**Assigned task:**
The stretch wanted below opens at the line containing "GrassRoots G-LP-60C" and closes at the line containing "Moroccan lantern to hang". Please return it exactly, with no other lines.

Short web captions
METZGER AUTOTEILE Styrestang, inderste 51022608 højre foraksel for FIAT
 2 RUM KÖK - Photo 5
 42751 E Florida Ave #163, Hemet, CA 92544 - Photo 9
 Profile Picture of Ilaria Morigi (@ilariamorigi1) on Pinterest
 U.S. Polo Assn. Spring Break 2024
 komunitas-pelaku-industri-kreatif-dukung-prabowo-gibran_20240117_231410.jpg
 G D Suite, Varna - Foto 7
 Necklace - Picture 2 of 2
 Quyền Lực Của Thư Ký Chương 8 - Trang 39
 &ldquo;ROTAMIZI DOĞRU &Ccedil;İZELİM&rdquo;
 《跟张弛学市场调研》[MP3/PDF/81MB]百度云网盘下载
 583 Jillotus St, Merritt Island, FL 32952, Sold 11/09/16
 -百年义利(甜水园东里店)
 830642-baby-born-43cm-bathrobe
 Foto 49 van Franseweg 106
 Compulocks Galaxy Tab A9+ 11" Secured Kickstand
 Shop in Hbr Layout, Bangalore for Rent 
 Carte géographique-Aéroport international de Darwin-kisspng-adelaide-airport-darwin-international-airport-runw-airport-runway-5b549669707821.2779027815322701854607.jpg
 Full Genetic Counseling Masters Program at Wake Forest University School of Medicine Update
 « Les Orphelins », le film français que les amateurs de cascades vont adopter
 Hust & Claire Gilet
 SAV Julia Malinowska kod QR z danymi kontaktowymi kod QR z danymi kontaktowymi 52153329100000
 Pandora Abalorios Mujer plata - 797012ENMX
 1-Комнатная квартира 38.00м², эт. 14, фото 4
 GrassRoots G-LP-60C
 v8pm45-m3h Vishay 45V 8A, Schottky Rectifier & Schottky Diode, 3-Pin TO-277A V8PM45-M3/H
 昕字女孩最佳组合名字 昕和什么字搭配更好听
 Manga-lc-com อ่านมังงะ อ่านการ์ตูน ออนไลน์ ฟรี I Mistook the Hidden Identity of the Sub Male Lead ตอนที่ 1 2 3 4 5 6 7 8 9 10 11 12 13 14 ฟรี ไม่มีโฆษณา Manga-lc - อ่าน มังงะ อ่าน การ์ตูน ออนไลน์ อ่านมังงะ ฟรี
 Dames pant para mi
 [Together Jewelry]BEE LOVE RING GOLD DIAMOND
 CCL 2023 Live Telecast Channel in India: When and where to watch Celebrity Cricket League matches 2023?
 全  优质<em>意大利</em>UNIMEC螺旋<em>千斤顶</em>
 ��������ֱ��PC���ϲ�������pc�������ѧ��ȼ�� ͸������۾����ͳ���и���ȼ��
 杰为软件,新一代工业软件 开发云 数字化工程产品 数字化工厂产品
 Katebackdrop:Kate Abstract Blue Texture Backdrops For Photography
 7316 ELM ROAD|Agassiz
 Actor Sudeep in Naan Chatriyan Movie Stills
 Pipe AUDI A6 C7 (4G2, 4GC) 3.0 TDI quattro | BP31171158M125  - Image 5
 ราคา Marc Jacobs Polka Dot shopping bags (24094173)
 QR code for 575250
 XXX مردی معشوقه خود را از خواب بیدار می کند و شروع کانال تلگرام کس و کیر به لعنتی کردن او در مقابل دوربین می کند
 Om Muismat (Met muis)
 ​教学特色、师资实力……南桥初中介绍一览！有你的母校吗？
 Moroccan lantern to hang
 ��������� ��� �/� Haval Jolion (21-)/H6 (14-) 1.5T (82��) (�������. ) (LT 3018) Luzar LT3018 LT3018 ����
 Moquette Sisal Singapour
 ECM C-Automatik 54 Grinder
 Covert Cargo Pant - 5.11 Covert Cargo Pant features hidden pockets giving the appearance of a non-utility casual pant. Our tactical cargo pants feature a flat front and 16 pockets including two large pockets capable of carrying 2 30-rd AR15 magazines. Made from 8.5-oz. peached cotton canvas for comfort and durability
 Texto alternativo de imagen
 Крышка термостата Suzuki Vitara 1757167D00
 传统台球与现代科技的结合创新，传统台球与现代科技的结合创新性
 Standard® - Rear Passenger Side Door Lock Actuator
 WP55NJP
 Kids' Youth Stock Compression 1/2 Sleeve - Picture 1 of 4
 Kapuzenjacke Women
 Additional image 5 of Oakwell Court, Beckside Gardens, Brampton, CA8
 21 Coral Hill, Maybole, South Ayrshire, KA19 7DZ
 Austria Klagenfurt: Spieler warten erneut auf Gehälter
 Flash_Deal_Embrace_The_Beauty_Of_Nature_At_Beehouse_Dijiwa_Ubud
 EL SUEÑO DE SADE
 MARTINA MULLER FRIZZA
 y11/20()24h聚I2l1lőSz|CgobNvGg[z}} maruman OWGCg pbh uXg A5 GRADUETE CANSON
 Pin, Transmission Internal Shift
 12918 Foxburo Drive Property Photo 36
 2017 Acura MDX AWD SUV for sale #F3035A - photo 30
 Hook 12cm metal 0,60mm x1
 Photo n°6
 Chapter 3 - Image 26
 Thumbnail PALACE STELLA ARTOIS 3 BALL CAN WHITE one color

**Output for this task:**
 GrassRoots G-LP-60C
 v8pm45-m3h Vishay 45V 8A, Schottky Rectifier & Schottky Diode, 3-Pin TO-277A V8PM45-M3/H
 昕字女孩最佳组合名字 昕和什么字搭配更好听
 Manga-lc-com อ่านมังงะ อ่านการ์ตูน ออนไลน์ ฟรี I Mistook the Hidden Identity of the Sub Male Lead ตอนที่ 1 2 3 4 5 6 7 8 9 10 11 12 13 14 ฟรี ไม่มีโฆษณา Manga-lc - อ่าน มังงะ อ่าน การ์ตูน ออนไลน์ อ่านมังงะ ฟรี
 Dames pant para mi
 [Together Jewelry]BEE LOVE RING GOLD DIAMOND
 CCL 2023 Live Telecast Channel in India: When and where to watch Celebrity Cricket League matches 2023?
 全  优质<em>意大利</em>UNIMEC螺旋<em>千斤顶</em>
 ��������ֱ��PC���ϲ�������pc�������ѧ��ȼ�� ͸������۾����ͳ���и���ȼ��
 杰为软件,新一代工业软件 开发云 数字化工程产品 数字化工厂产品
 Katebackdrop:Kate Abstract Blue Texture Backdrops For Photography
 7316 ELM ROAD|Agassiz
 Actor Sudeep in Naan Chatriyan Movie Stills
 Pipe AUDI A6 C7 (4G2, 4GC) 3.0 TDI quattro | BP31171158M125  - Image 5
 ราคา Marc Jacobs Polka Dot shopping bags (24094173)
 QR code for 575250
 XXX مردی معشوقه خود را از خواب بیدار می کند و شروع کانال تلگرام کس و کیر به لعنتی کردن او در مقابل دوربین می کند
 Om Muismat (Met muis)
 ​教学特色、师资实力……南桥初中介绍一览！有你的母校吗？
 Moroccan lantern to hang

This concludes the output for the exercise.